Piin-Fen Kok Speaks to Channel NewsAsia on China’s Economic Diplomacy

Piin-Fen Kok, director of the EastWest Institute’s China, East Asia and United States Program, spoke to Singapore’s Channel NewsAsia about China’s diplomatic initiatives in the Asia-Pacific region, including the Asian Infrastructure Investment Bank and the “One Belt, One Road” initiative. The transcript of the interview, which aired during Channel NewsAsia’s First Look Asia program, is given below.

Interviewer: World leaders are gathering in China over the next few days as the annual Boao Forum gets under way in the southern island of Hainan. This year’s meeting comes at a critical time for China. Its economy is slowing, but there is growing momentum for a new development bank it’s leading. Even though it’s an idea rooted by President Xi Jinping and its headquarters, as recently announced, will be based in Beijing, but delegates at the forum insist China will not dominate decisions made at the Asian Infrastructure Investment Development Bank, that’s because they say the AIIB will be held responsible for profits and losses by its stakeholders which, in this case, are the member countries. China’s vice finance minister has said that the bank’s shareholding structure is still under negotiation, but there would be a different [inaudible] for Asian members versus non-Asian members. Still, supporters of the AIIB say the bank will not rival that of the World Bank or the IMF. China has set a deadline of March 31st for countries to apply for founding membership to the bank.

And for more, let’s speak to Kok Piin-Fen in New York. She is the director of the China, East Asia and United States Program at the EastWest Institute. The organization is a think tank for international security policy. Piin-Fen, plans for the implementation of the “One Belt and One Road” initiative are expected to be released at the Boao Forum. Tell us how this initiative is expected to increase economic integration between the east and west.

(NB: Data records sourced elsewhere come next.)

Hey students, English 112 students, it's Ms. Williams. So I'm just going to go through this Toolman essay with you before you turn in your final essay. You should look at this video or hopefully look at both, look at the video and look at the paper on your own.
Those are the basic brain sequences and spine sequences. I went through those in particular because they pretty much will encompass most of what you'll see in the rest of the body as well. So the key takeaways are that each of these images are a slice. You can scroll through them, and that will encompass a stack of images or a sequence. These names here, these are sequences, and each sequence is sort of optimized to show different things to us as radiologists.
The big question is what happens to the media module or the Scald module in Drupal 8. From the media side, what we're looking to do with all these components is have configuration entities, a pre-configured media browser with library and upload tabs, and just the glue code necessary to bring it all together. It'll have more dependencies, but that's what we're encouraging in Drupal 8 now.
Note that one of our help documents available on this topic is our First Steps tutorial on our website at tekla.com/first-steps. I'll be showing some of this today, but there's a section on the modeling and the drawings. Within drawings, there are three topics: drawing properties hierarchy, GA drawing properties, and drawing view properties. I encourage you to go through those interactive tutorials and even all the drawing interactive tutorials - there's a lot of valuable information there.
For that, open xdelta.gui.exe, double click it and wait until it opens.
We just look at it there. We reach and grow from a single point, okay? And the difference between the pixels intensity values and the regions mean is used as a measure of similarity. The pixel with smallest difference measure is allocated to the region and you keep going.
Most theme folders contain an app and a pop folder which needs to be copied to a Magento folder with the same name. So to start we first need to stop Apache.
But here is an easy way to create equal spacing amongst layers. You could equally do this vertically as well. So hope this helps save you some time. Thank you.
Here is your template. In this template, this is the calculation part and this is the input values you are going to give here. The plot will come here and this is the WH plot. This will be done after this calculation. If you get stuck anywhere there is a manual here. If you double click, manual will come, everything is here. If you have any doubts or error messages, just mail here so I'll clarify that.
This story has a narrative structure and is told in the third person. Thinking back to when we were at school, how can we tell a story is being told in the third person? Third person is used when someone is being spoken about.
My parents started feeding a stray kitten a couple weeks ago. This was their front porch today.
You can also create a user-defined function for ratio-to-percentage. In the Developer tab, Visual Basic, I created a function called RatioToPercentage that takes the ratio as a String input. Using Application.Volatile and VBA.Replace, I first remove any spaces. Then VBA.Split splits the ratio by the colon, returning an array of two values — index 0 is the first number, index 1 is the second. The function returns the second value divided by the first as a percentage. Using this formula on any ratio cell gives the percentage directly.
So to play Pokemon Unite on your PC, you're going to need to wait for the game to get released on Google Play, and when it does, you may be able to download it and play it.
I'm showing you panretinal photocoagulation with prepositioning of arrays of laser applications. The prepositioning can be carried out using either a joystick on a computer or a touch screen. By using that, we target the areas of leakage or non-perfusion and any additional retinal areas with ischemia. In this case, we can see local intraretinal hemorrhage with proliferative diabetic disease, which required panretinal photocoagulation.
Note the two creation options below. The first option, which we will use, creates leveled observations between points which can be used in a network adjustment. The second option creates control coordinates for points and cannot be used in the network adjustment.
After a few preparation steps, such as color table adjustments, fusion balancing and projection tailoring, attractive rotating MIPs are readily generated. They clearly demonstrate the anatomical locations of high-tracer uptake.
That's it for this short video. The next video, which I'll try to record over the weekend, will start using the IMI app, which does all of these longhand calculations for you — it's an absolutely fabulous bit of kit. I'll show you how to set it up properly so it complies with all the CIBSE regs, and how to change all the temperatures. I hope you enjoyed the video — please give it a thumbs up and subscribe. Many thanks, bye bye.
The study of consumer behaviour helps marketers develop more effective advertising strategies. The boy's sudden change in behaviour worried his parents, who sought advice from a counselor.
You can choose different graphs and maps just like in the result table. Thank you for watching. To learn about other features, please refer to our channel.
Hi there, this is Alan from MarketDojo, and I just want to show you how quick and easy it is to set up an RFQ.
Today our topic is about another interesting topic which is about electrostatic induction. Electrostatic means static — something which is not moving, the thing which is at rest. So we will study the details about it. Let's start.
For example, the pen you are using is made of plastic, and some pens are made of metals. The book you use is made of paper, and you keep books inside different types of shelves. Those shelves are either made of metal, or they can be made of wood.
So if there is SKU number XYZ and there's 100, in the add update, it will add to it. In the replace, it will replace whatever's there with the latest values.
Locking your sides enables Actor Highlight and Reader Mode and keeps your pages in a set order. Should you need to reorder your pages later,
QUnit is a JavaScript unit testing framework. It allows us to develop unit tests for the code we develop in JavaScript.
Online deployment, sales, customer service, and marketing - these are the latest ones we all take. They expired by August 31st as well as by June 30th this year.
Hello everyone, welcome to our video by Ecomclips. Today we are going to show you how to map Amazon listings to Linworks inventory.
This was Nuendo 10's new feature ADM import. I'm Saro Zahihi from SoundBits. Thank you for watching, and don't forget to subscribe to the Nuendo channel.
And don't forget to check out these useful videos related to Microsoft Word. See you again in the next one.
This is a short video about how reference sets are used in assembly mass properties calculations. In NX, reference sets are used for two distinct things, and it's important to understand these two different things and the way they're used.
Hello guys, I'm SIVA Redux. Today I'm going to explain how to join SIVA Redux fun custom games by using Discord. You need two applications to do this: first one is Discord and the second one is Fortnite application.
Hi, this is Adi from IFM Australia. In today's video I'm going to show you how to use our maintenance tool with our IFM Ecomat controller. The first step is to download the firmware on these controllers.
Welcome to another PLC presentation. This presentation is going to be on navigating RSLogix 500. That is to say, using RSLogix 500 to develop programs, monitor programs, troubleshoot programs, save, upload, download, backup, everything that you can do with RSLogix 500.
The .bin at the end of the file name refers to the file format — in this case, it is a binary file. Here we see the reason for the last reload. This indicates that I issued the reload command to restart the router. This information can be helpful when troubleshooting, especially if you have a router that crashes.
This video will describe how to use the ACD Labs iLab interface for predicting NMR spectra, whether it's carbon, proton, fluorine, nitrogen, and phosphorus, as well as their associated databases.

Kok: Thanks for having me on the show. Essentially the “One Belt, One Road” initiative, as I understand it, is China’s signature diplomatic initiative in the region. It seems to link pretty much the whole Eurasian span of continents from East Asia all the way to the west, right up to the doorstep of Europe, so essentially it’s linking up markets from the maritime part of China’s eastern coast all the way to the western part. So, in that sense, it’s a way for China to tap into this vast market and to help ease domestic pressures within its country in terms of overcapacity in some sectors such as concrete and steel that’s needed for infrastructure, and also providing markets for excess capital.

Interviewer: Piin-Fen, the theme since 2014 has been Asia’s new future, but tell us, can Asia work together, I mean, despite differing strategic positions within the continent?

Kok: I believe so, especially in the area of economic and social development…There is a lot of talk about the geopolitics of all these various competing initiatives, whether it’s AIIB or the Trans Pacific Partnership, or TPP, and the Chinese-led RCEP—Regional Comprehensive Economic Partnership—but at the end of the day, I think everyone agrees that the goals of these so-called competing initiatives are really to promote the development and prosperity of the region. I think this is a pragmatic reason why you see many Asian countries, including Singapore, joining various so-called competing initiatives at the same time.

Interviewer: Piin-Fen, thanks very much for that. That was Kok Piin-Fen from the EastWest Institute.